Lugares, París

El placer de sentarse en las sillas del jardín de Tuileries

Siempre me ha gustado el nombre de este jardín, Tuileries (las tejas), eso de casi tener que cerrar la boca para pronunciarlo me hace sonreír. Por cierto, el nombre hace referencia a una fábrica de tejas que ocupaba el lugar con anterioridad.

El jardín es una de las señas de identidad de París, une puntos emblemáticos de la ciudad como el Museo del Louvre y la Plaza de la Concordia, pero además es muy coqueto y tiene vistas a la Torre Eiffel y al Museo D´Orsay. 
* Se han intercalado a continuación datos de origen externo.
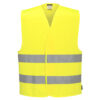 C474- Hi-Vis Weste mit zwei Reflexstreifen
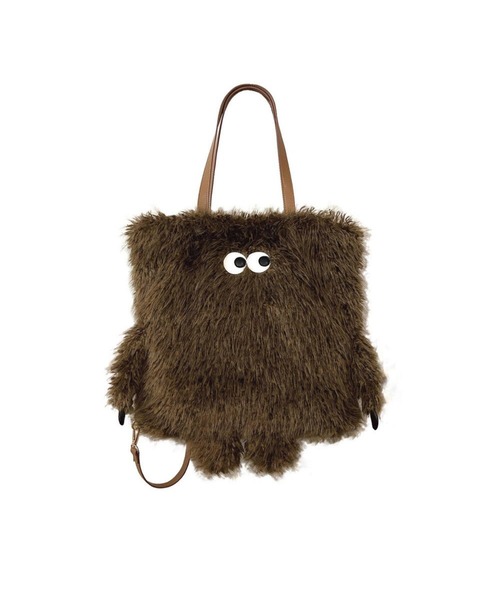 ROOTOTE（ルートート）の「ルートート / モフかわトート EU.トール2way.クリプティッド-C（バックパック/リュック・レディース・ブラック系その他/ブラウン系その他/ホワイト系その他・FREE）」の4枚目の写真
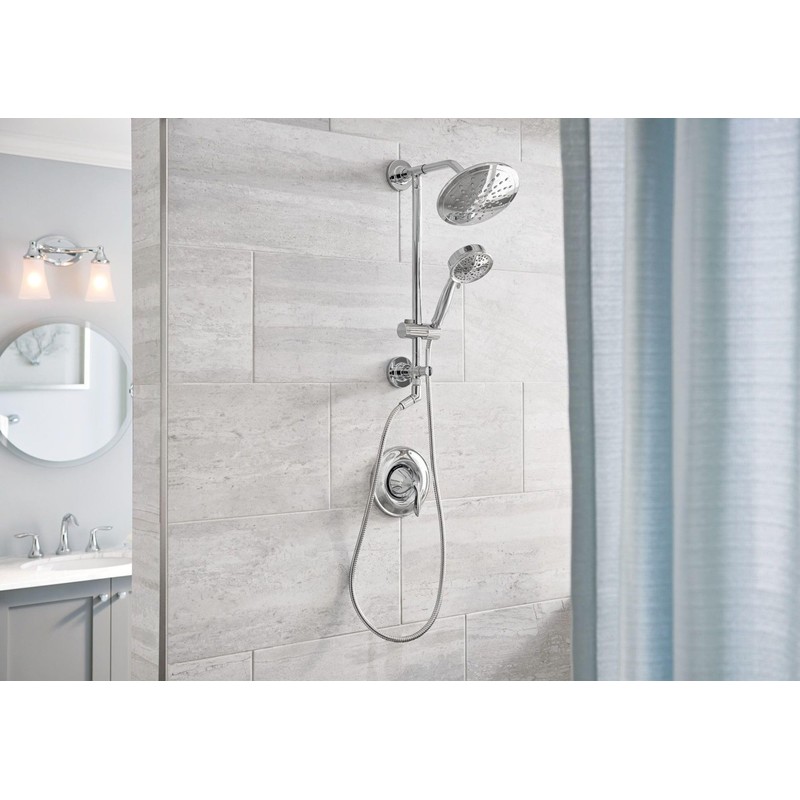 Moen Chrome Replacement 4-Function Eco-Performance Handheld Showerhead, 164927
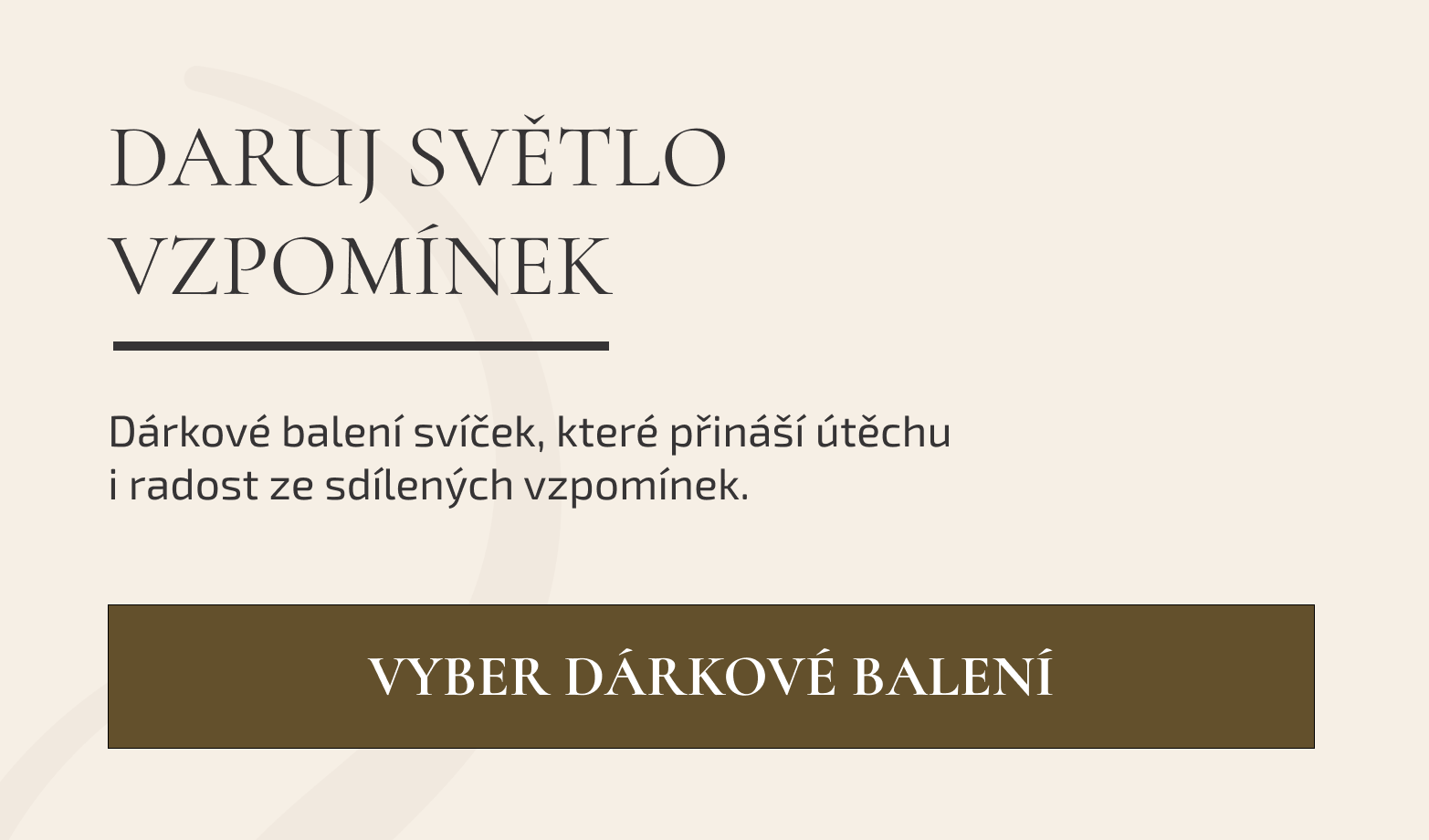 Daruj světlo vzpomínek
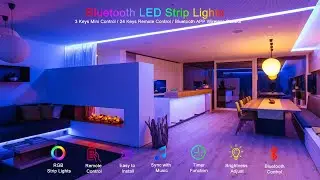WOWLED 12V Bluetooth Waterproof LED RGB Strip Lights 5M*2 Kit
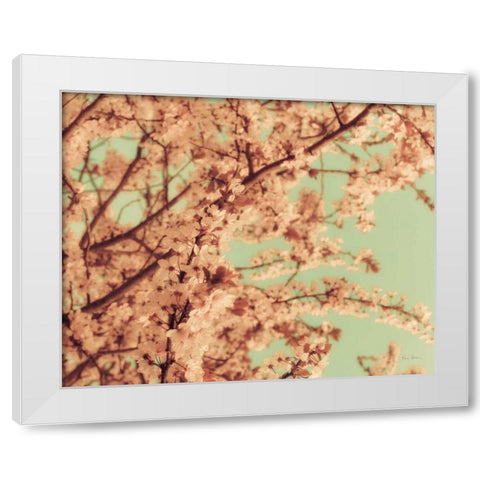 Kyoto White Modern Wood Framed Art Print by Bevan, Keri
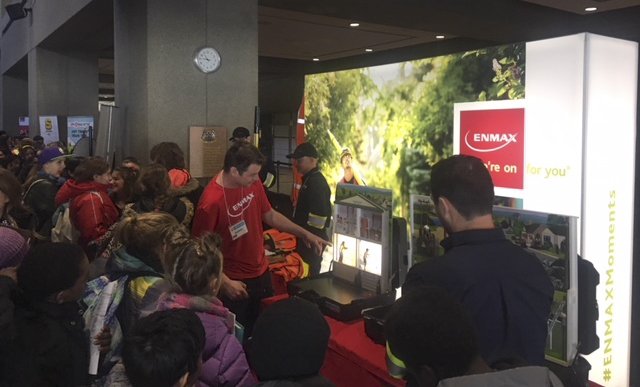 ENMAX's tweet photo. Electrical hazards are all around us but these students know what to look out for to stay safe. #yycsafe #yyc https://t.co/HjWGBdJL8c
Catalina de Medicis tenía buen gusto, eso está claro, y el jardín de Tuileries es un ejemplo claro. En el palacio (destruido a finales del siglo XIX) se celebraban fastuosas fiestas y no es difícil imaginarse a los invitados vestidos de gala para la ocasión paseando entre los jardines, los estanques y las esculturas.

Aunque durante algunos años, cuando la corte se trasladó a Versalles estuvo abandonado, se convirtió en el primer jardín público del centro de París y hoy sigue siendo un reducto de calma, que, ni siquiera los cientos de turistas que pasan cada día por allí, consiguen alterar.

Junto con el pequeño museo de l’Orangerie con obras de Monet, las estatuas de Rodin y de Giacometti que decoran los jardines, las famosas sillas de hierro de color verde oliva se llevan todos los elogios. Una curiosidad, este modelo de silla se llama Luxemburg porque fueron creadas en los años 20 especialmente para los Jardines de Luxemburgo de París por un taller local.